§ **EXERCISE DIRECTIONS**
Output the whole listing exactly, except for the pictures in it.

§ **RECORDED DATA**
━━━━━━━━━━━━━━━━━━━━

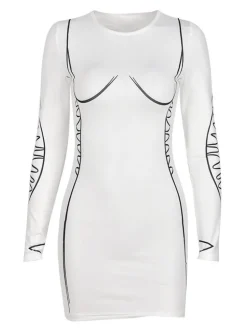 Long Sleeve Printed Bodycon Mini Dress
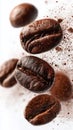 Roasted coffee beans falling with ground powder Royalty Free Stock Photo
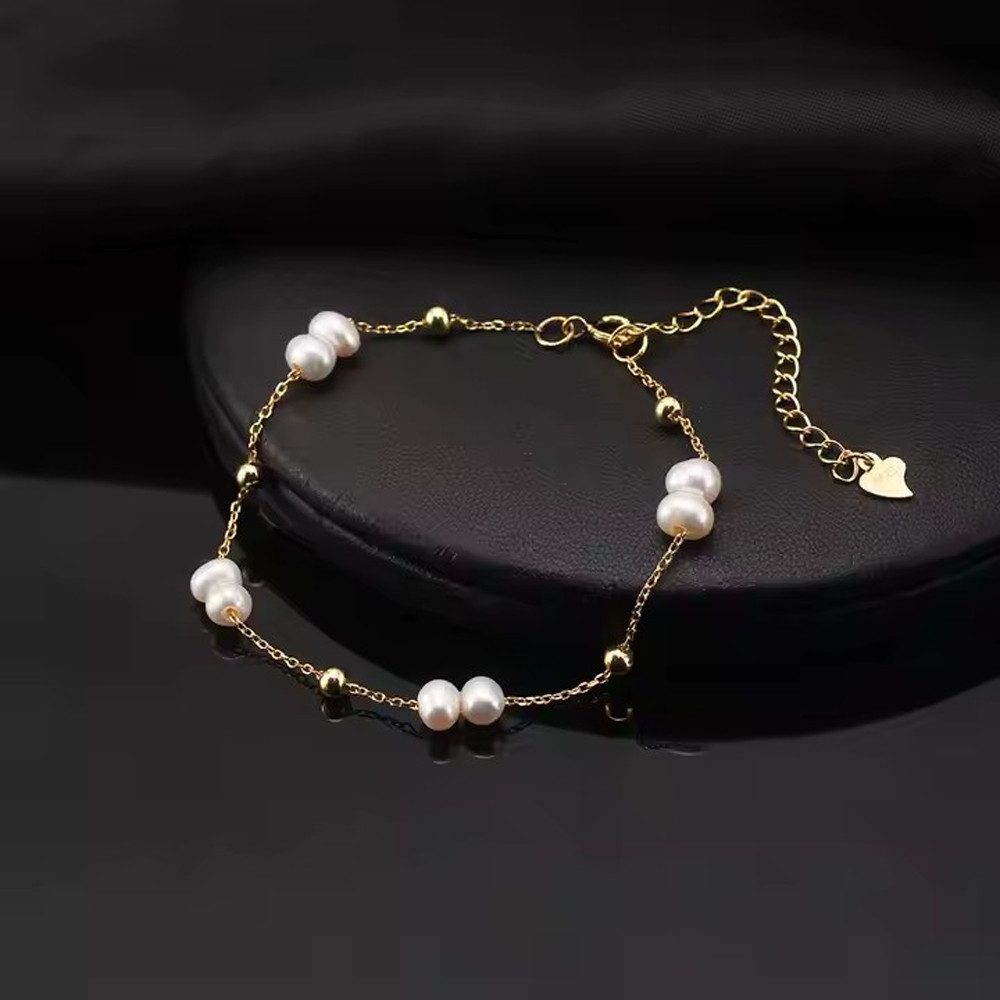 Runde Perlé Perlenarmband handgefertigtes Perlenarmband, zart, günstig online kaufen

━━━━━━━━━━━━━━━━━━━━

§ **ANSWER FOR THIS EXERCISE**
 Long Sleeve Printed Bodycon Mini Dress
 Roasted coffee beans falling with ground powder Royalty Free Stock Photo
 Runde Perlé Perlenarmband handgefertigtes Perlenarmband, zart, günstig online kaufen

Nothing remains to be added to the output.